A real-time driving simulation exploring human-in-the-loop feedback, system responsiveness, and interactive software design.
Challenge
My team and I were tasked with designing a driving simulator capable of providing real-time feedback to a human operator while combining realistic vehicle control, simulation fidelity, and adaptive software behavior. The project needed to integrate physical input devices with a simulation environment while maintaining responsiveness and a coherent user experience.
Solution
We constructed a driving simulator using Unreal Engine that integrated steering wheel hardware, haptic feedback, and software-driven coaching. The system combined simulation logic with external AI-based services to generate contextual feedback for the driver, emphasizing timing, responsiveness, and usability rather than visual realism alone.

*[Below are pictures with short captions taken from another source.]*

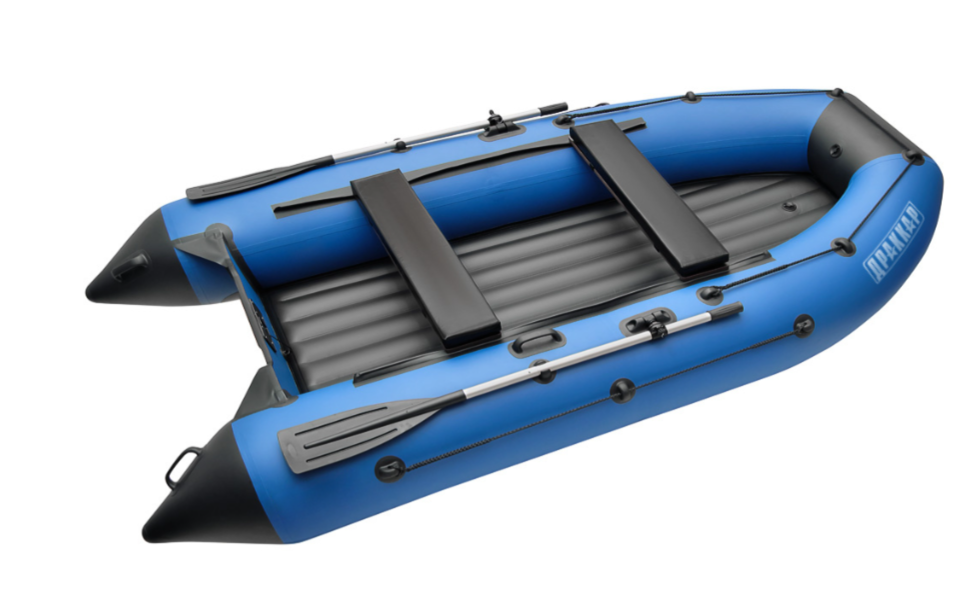 ЛОДКА ДРАККАР 3200 НДНД HANT-PRO в Долгопрудном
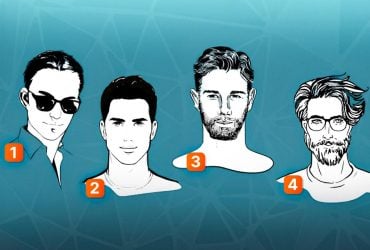 Какого мужчину вы выберете: визуальный тест расскажет, что вы ищете в отношениях
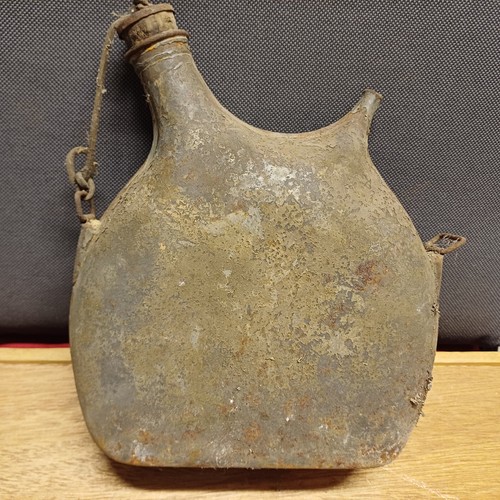 Très ancienne gourde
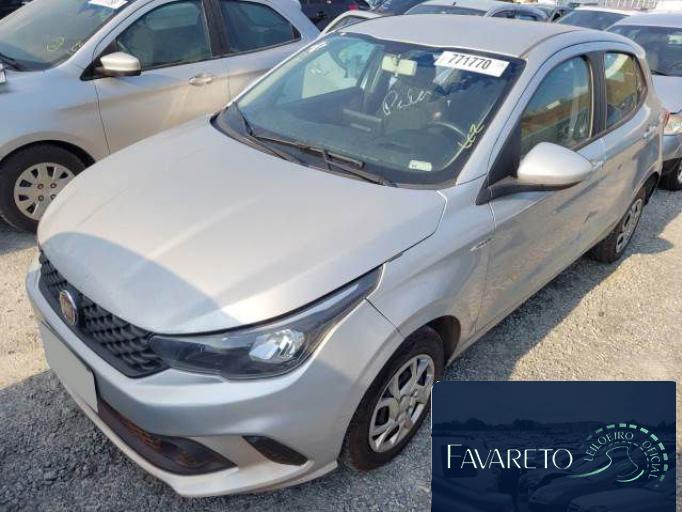 FIAT ARGO 19/20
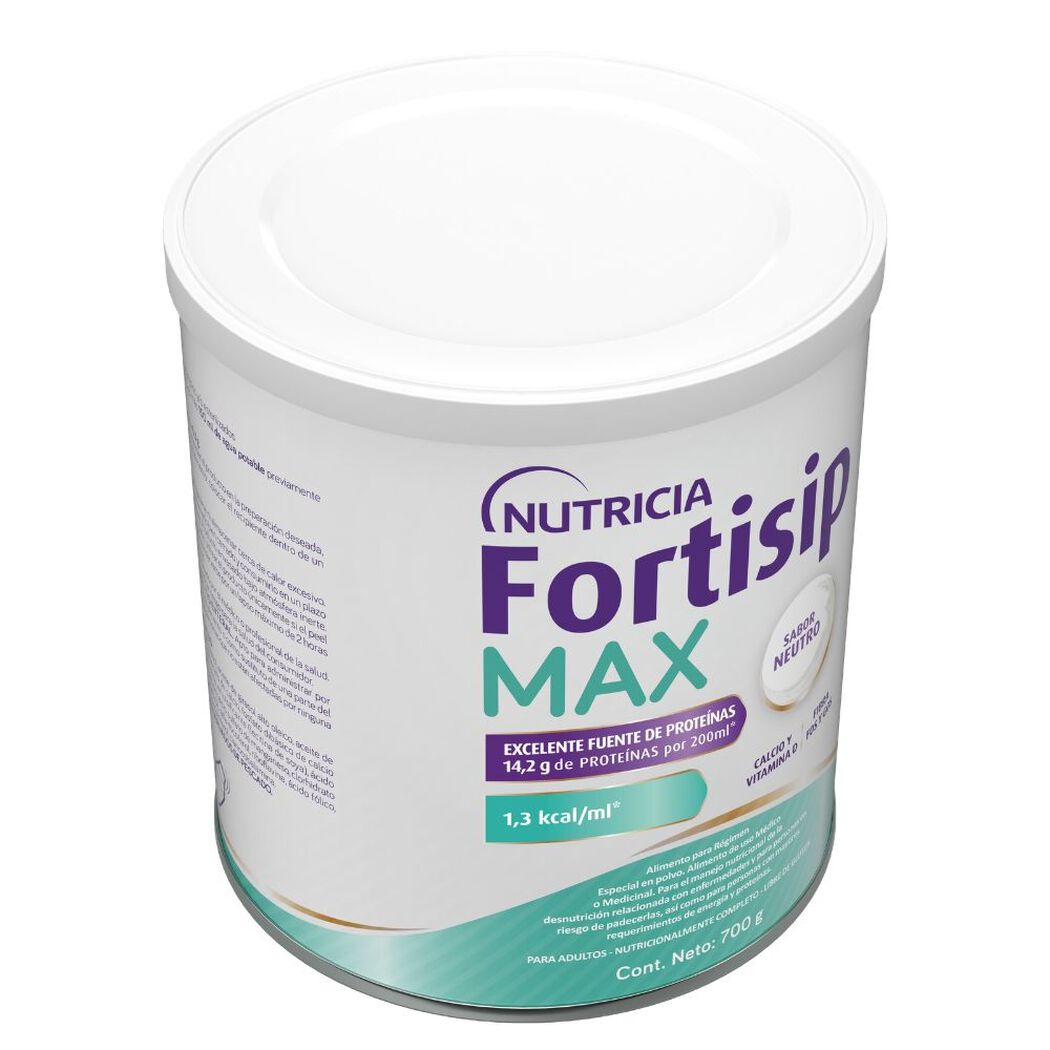 Fortsip Max Sabor Neutro 700 gr, , large image number 3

The simulator was designed as a modular system, separating simulation logic, input handling, and feedback mechanisms that allowed iterative development and testing.
Impact
- Implemented real-time input handling and feedback loops between physical hardware and a simulation environment.
- Designed interactive systems where timing and responsiveness directly affect user behavior.
- Explored modular software design in a simulation context, reinforcing principles later applied to embedded and avionics systems.
- Delivered a complete, standalone simulator suitable for demonstration, evaluation, education, and recreational use.
3×3 Mechanical Macropad






A custom hardware and firmware project exploring embedded input devices, PCB design, and low-level firmware configuration.
Challenge
I was inspired to strengthen my understanding of firmware, bare-metal programming, soldering, and PCB design through a hands-on project. This motivated me to design and build a compact macropad that balanced simplicity, reliability, and usability.
Solution
I designed a custom 3×3 macropad PCB using KiCad, integrating mechanical switches, diodes, and an Arduino microcontroller. I assembled and soldered the hardware, then developed and flashed custom QMK firmware in C to define keymaps, layers, and macro behavior.
The firmware configuration emphasized modularity and flexibility, allowing the device to be easily reprogrammed and adapted to different workflows without hardware changes.
Impact
- Gained hands-on experience designing and assembling a custom PCB for an embedded input device.
- Developed and modified low-level firmware to handle key scanning, debouncing, and macro behavior.
- Reinforced understanding of the interaction between hardware constraints and firmware design.
- Delivered a fully functional, programmable device used for daily workflow automation.